Go to the line that contains "The sample standard", then write out that line and all that follow to the end of the listing, exactly and without pictures.

---------- Available data

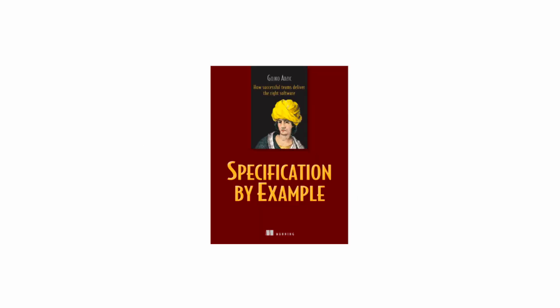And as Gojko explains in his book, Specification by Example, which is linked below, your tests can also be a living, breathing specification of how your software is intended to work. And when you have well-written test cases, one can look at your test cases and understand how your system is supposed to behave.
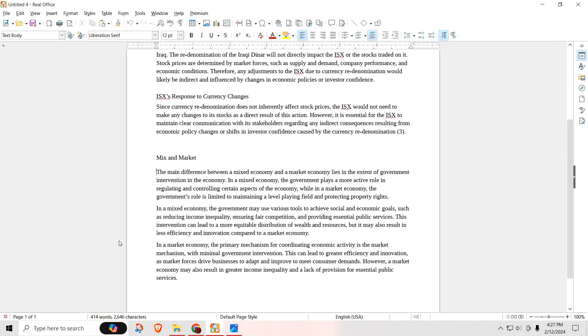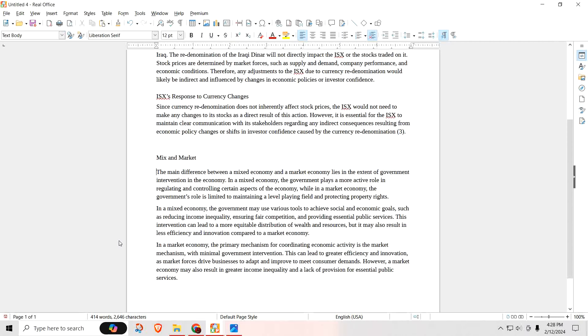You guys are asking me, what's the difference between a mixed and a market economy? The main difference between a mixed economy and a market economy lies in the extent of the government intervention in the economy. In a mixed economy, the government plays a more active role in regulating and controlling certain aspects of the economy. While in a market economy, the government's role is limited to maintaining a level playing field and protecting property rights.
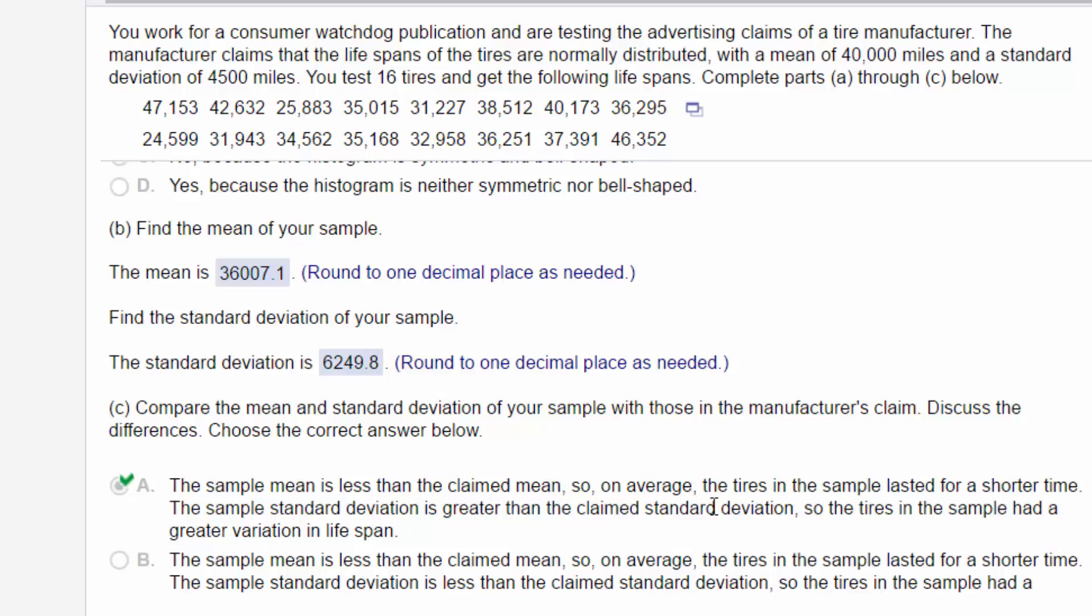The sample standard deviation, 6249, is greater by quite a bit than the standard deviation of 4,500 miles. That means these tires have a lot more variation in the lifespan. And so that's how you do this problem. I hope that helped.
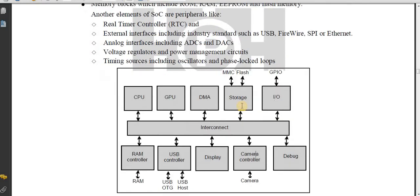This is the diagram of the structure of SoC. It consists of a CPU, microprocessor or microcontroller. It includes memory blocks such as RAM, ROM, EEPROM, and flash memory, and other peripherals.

--------------------

| Exercise answer |
The sample standard deviation, 6249, is greater by quite a bit than the standard deviation of 4,500 miles. That means these tires have a lot more variation in the lifespan. And so that's how you do this problem. I hope that helped.
This is the diagram of the structure of SoC. It consists of a CPU, microprocessor or microcontroller. It includes memory blocks such as RAM, ROM, EEPROM, and flash memory, and other peripherals.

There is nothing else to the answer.